Records to process START

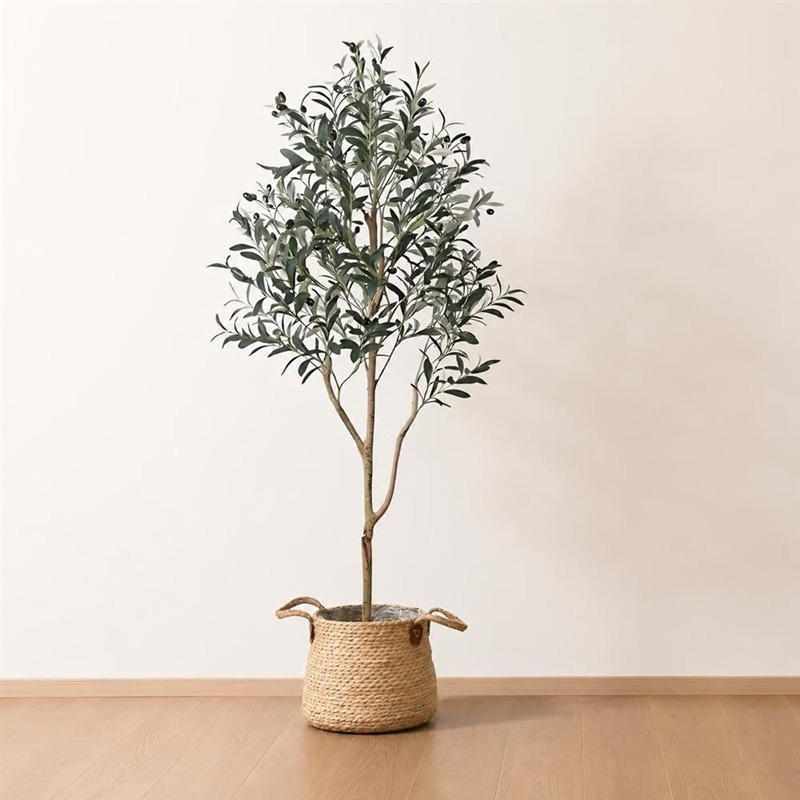人工観葉植物 オリーブの木 120cm 本物そっくり フェイクプランツ 大型 室内 鉢植え 水やり不要 枯れない リアル インテリア飾り お祝い リビング 玄関 おしゃれ｜あいあいロジスティック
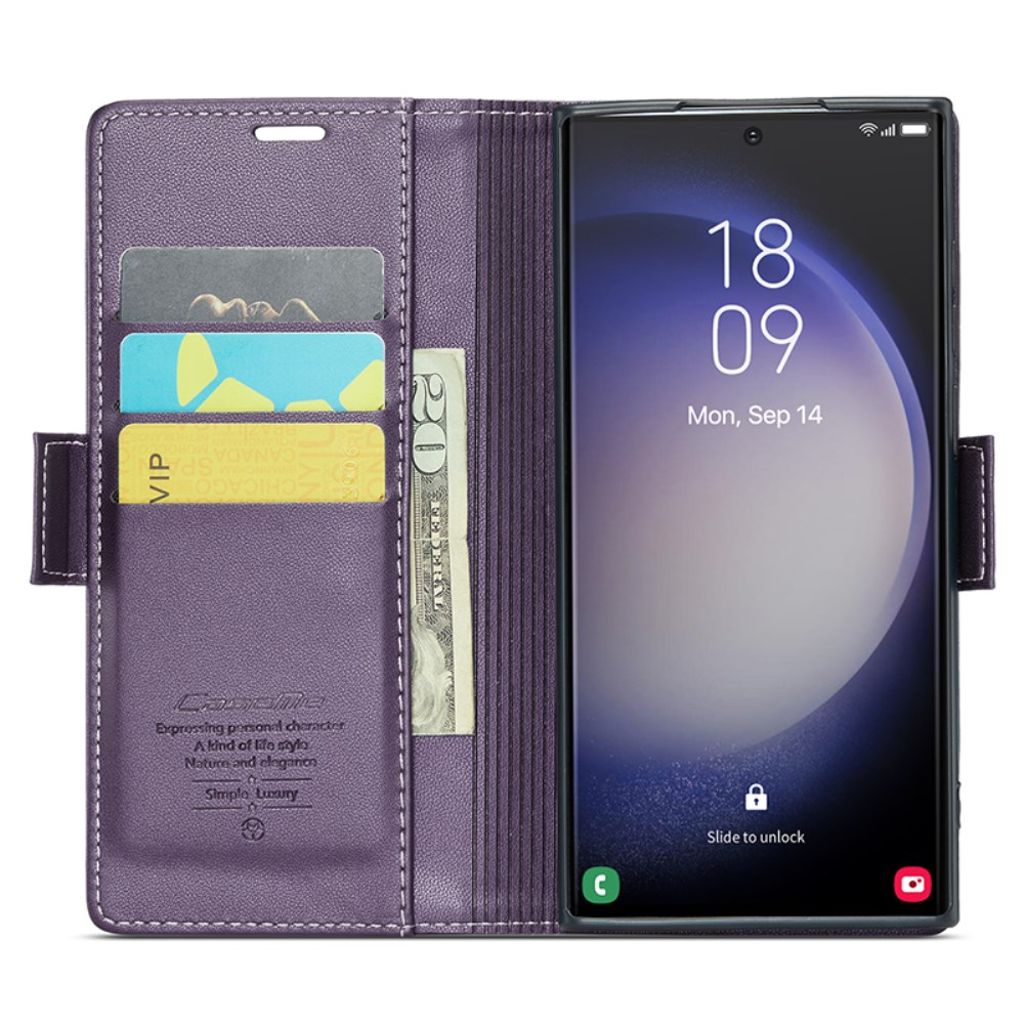 CaseMe Samsung Galaxy S24 Ultra Fodral 023 Series Lila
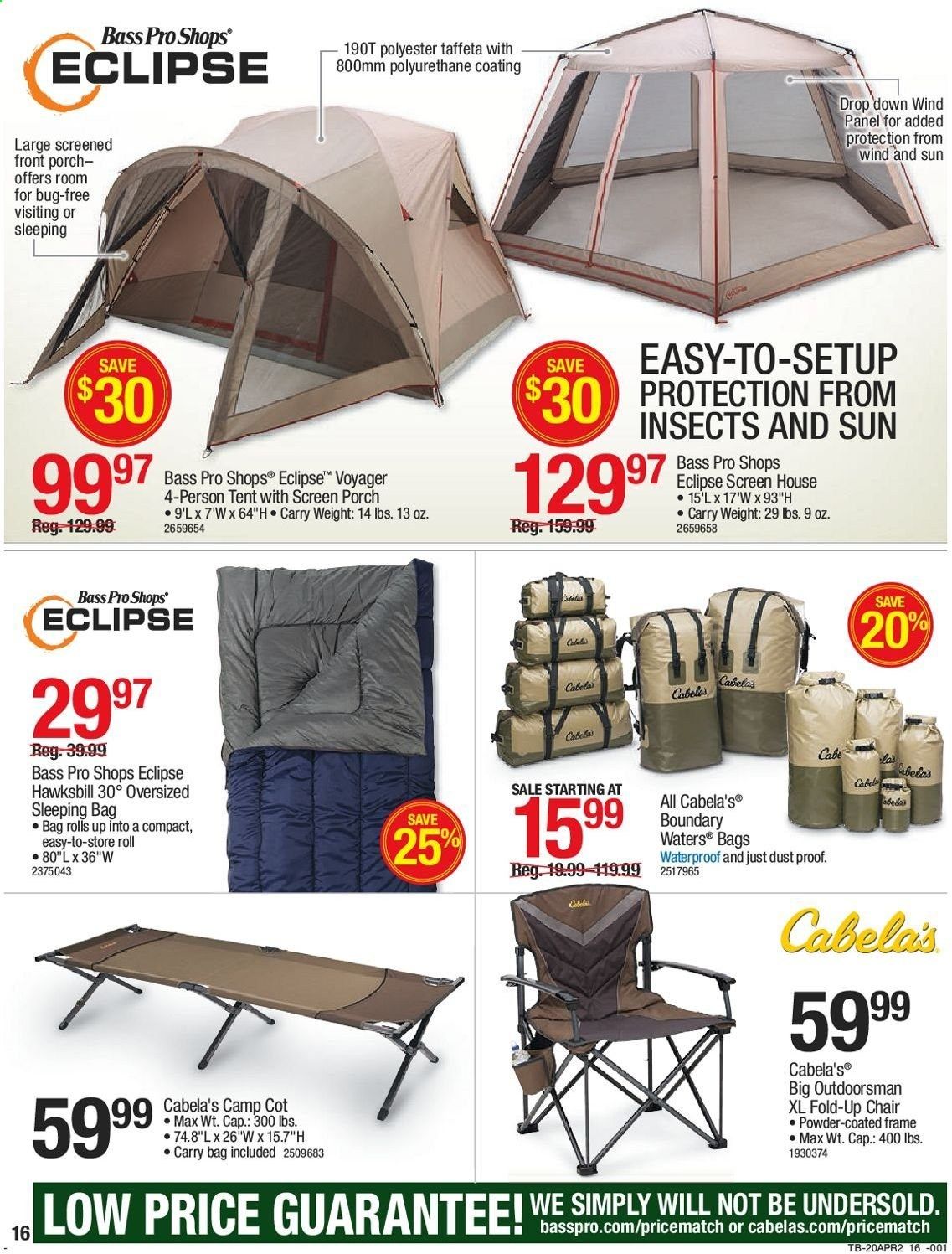 Bass Pro Shops Weekly Ad & Flyer April 16 to 29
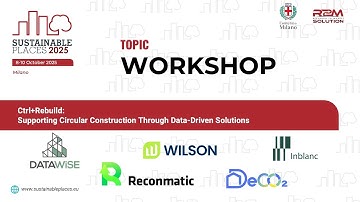 Workshop - Supporting circular construction through data-driven solutions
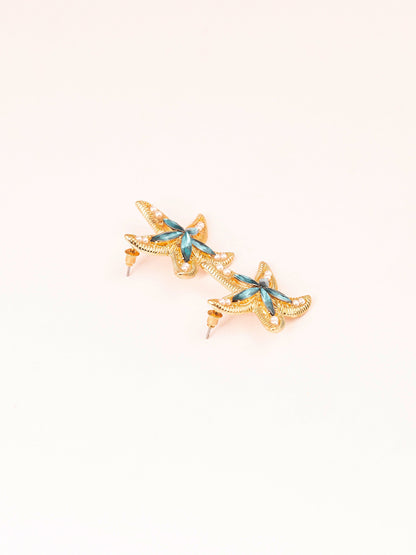 Embellished Star Fish Earrings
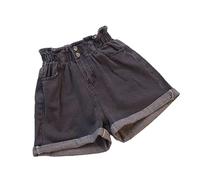 Deals of The Day Casual Denim Shorts for Women UK Fashion High Waist Frayed Hem Ripped Summer Jeans Ladies Short Hot Pants with Pockets Hot Pants Shorts Women Sexy Elasticated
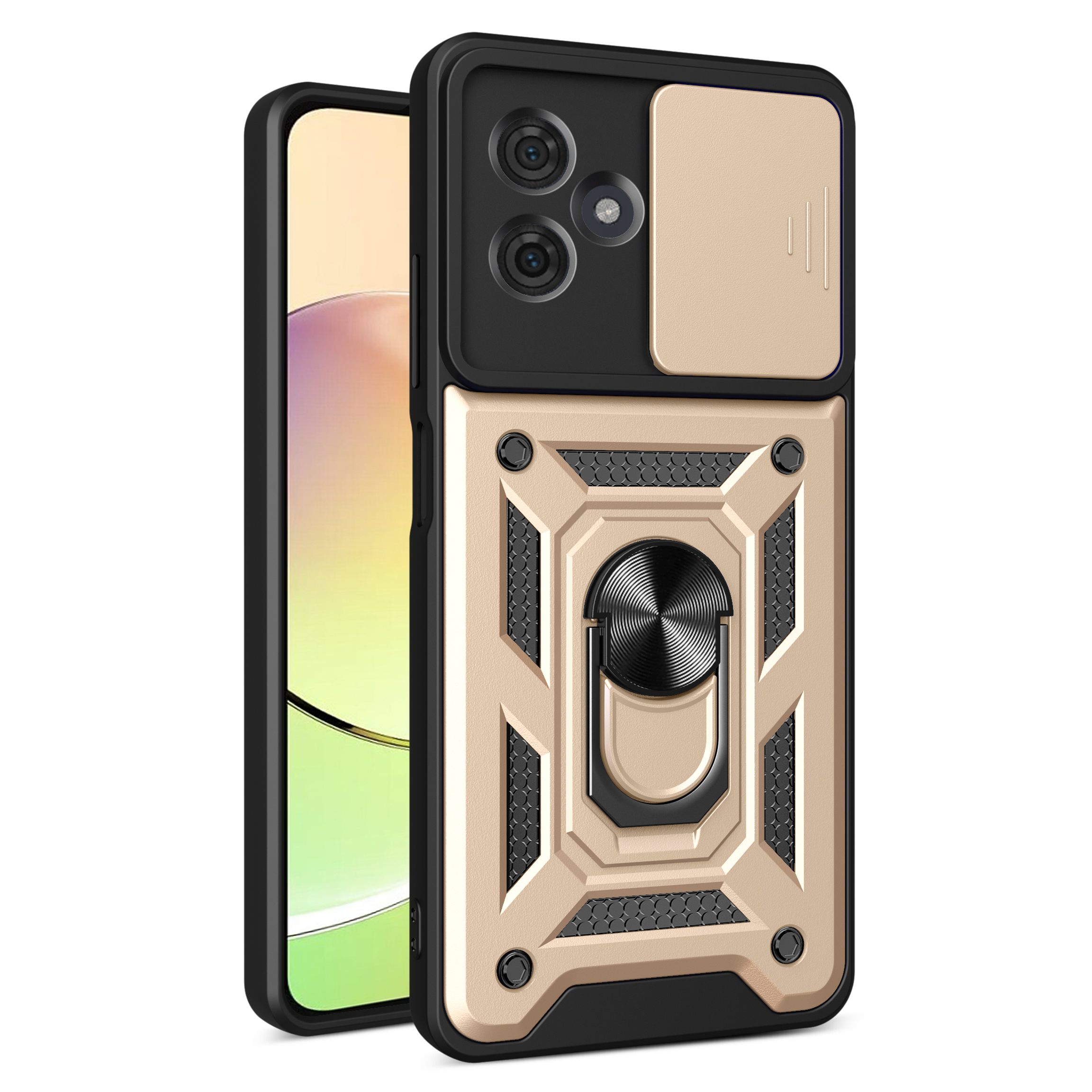 

Für Motorola Moto G54 5G Hülle Schleimschütz - Gold, Motorola Moto G54 5G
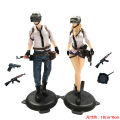 Game Figure PUBG Battle Royale Action Figures With helmets PUBG Cake Decoration Figure Toys For Battle Royale Fans Collections. 
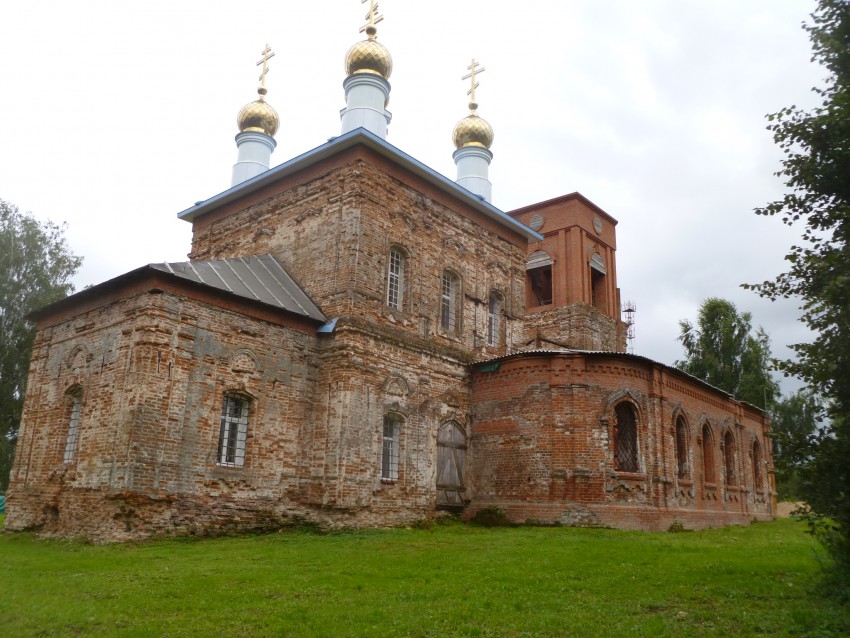 Церковь Владимирской иконы Божией Матери, Волконское (Козельский район, Калужская область). фасады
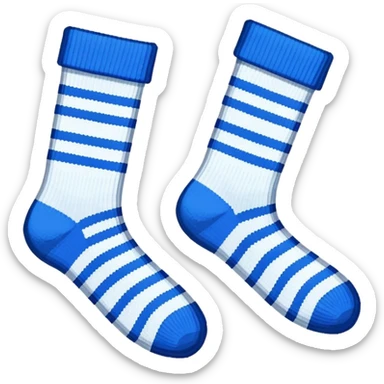 A pair of socks emoji, drawn with an 8-bit pixelated look, similar to early video game sprites. sticker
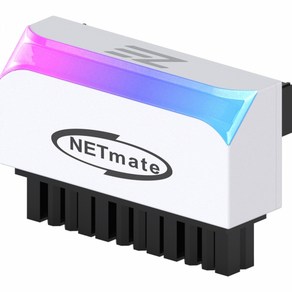 NETmate NM-DPI1614 메인보드 ATX 24핀 ARGB 어댑터 화이트 90도꺽임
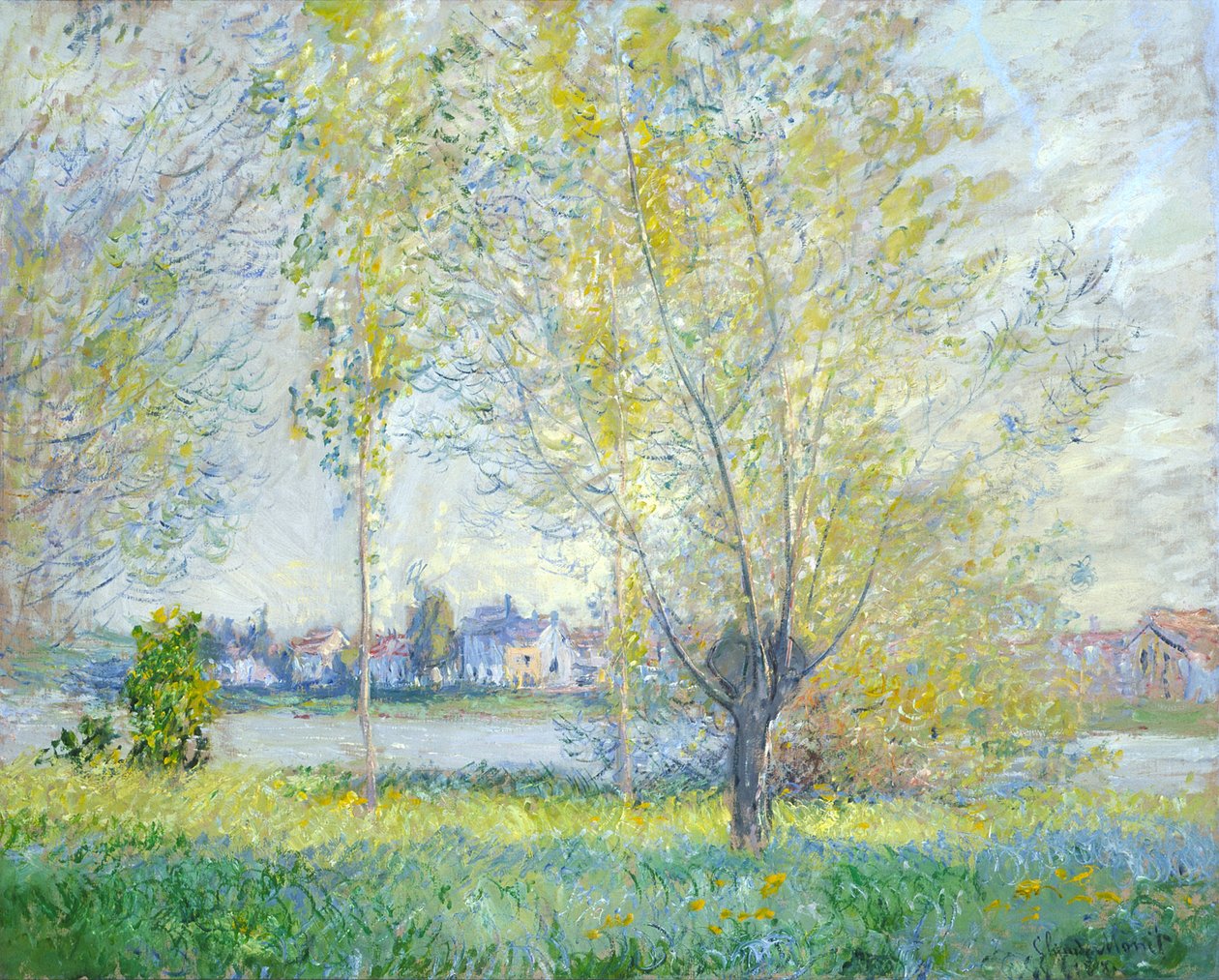 Saules à Vétheuil, 1880 - Claude Monet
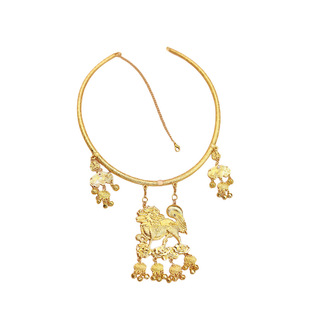 格格间原创【玉麒】晚明风平安锁明制婚服项圈古风项链女珍珠璎珞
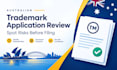 expertly review your trademark application and identify risks before filing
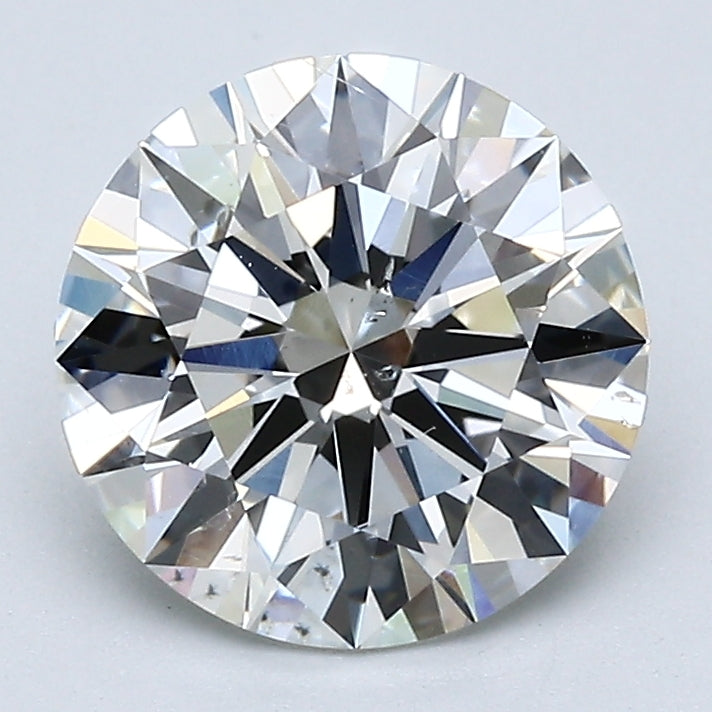 Natural 2.07 Carat Round Brilliant Diamond I-SI2 with GIA Certificate, natural diamonds, precious stones, engagement diamonds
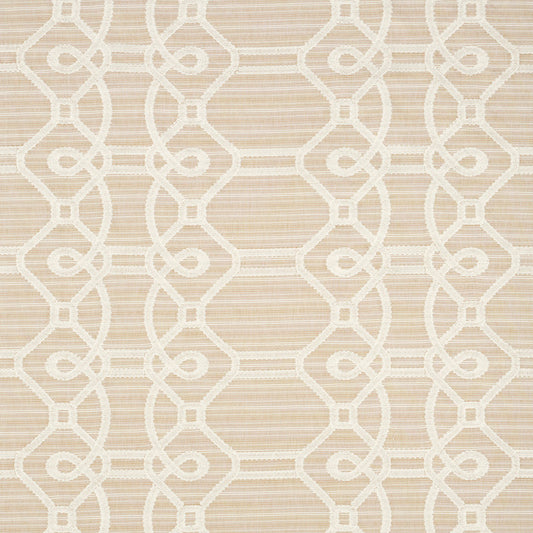 SCHUMACHER  HAPPY TOGETHER ZIZ EMBROIDERY EMBROIDERIES EMBROIDERIES NATURAL   - 71934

Records to process END

- **What to do**:
Omit all pictures, and repeat exactly the lines from the line containing "NETmate NM-DPI1614 메인보드" through the end of the data.

- **Task result**:
 NETmate NM-DPI1614 메인보드 ATX 24핀 ARGB 어댑터 화이트 90도꺽임
 Saules à Vétheuil, 1880 - Claude Monet
 格格间原创【玉麒】晚明风平安锁明制婚服项圈古风项链女珍珠璎珞
 expertly review your trademark application and identify risks before filing
 Natural 2.07 Carat Round Brilliant Diamond I-SI2 with GIA Certificate, natural diamonds, precious stones, engagement diamonds
 SCHUMACHER  HAPPY TOGETHER ZIZ EMBROIDERY EMBROIDERIES EMBROIDERIES NATURAL   - 71934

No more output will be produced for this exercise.